[Opening THE INPUT section]

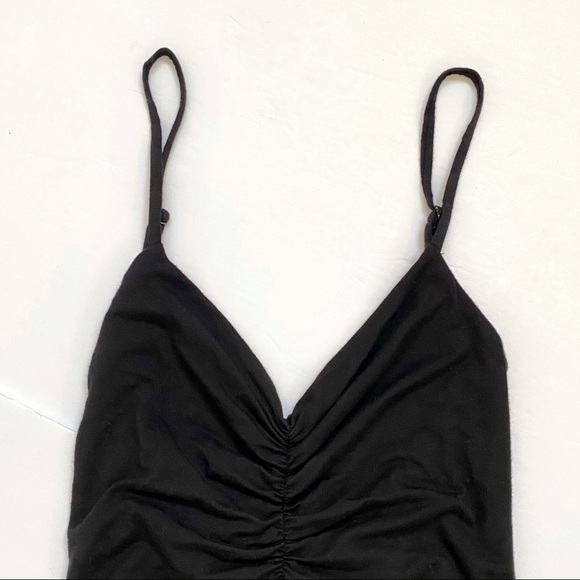 Blue life ruched center black tank top bodysuit - Picture 2 of 7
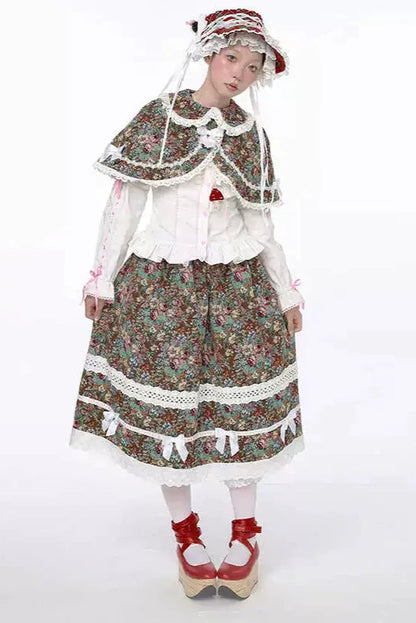Retro Shawl + Ribbon Flare Skirt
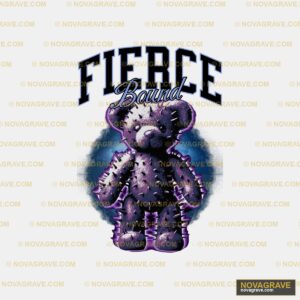 A Teddy Bear With A Purple And Blue Backgroun Animals Wildlife - Design DTF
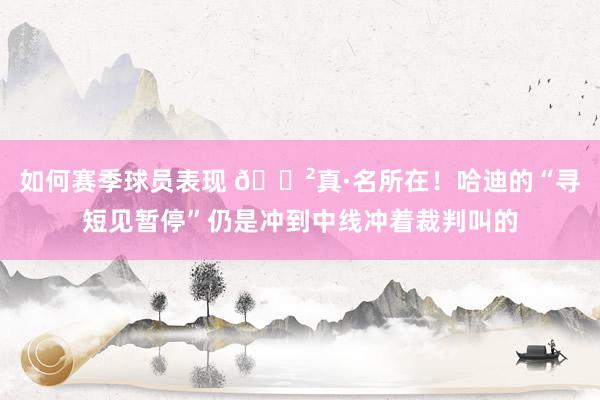 如何赛季球员表现 😲真·名所在！哈迪的“寻短见暂停”仍是冲到中线冲着裁判叫的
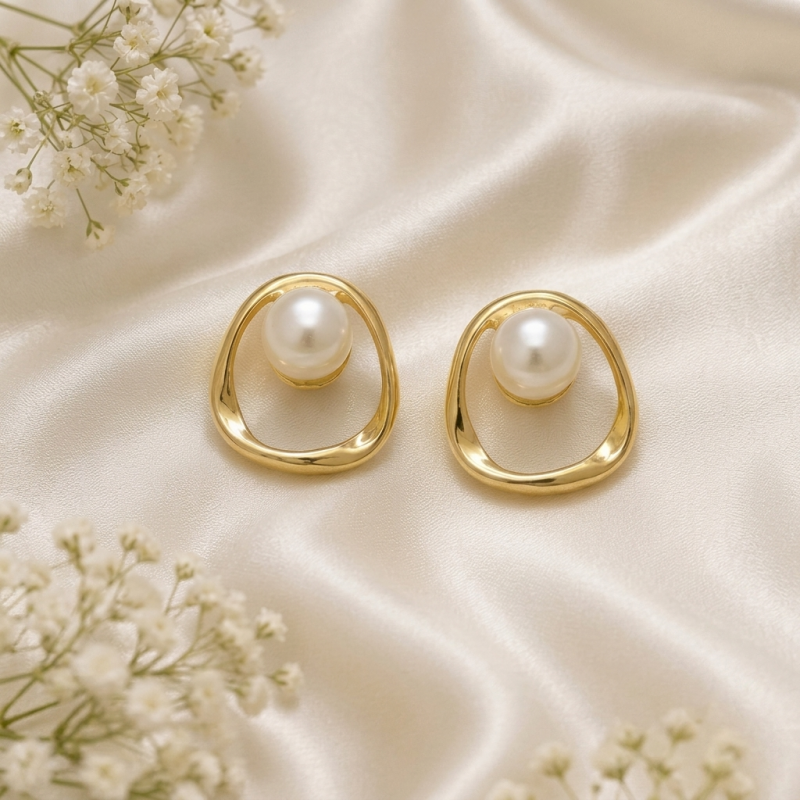 Elegant Organic Gold Pearl Earrings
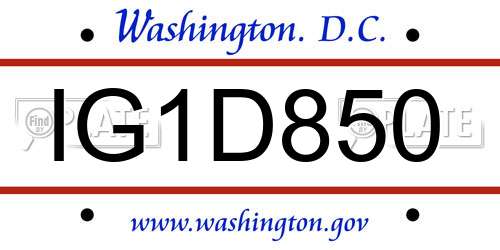 IG1D850 District Of Columbia License Plate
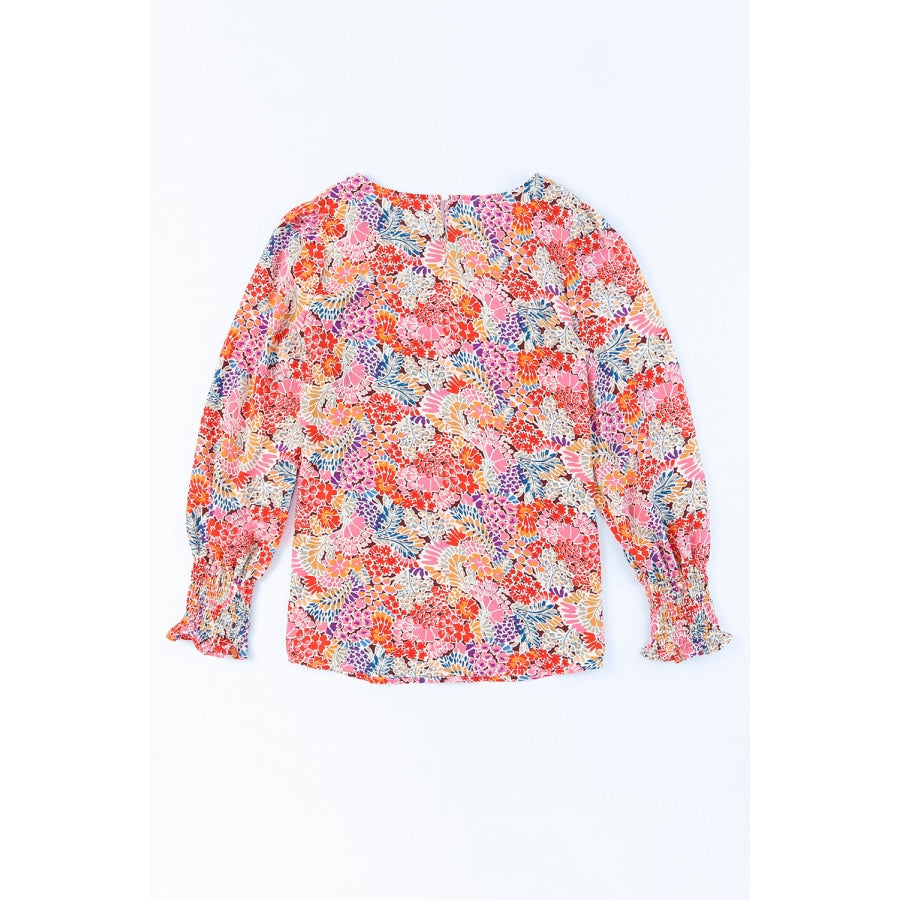 Floral Print Long Puff Sleeve Blouse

[Closing THE INPUT section]

• _INSTRUCTIONS FOR THE TASK_
Send back the data above word for word, with the pictures left out.

• _TASK SOLUTION_
 Blue life ruched center black tank top bodysuit - Picture 2 of 7
Retro Shawl + Ribbon Flare Skirt
 A Teddy Bear With A Purple And Blue Backgroun Animals Wildlife - Design DTF
 如何赛季球员表现 😲真·名所在！哈迪的“寻短见暂停”仍是冲到中线冲着裁判叫的
 Elegant Organic Gold Pearl Earrings
 IG1D850 District Of Columbia License Plate
 Floral Print Long Puff Sleeve Blouse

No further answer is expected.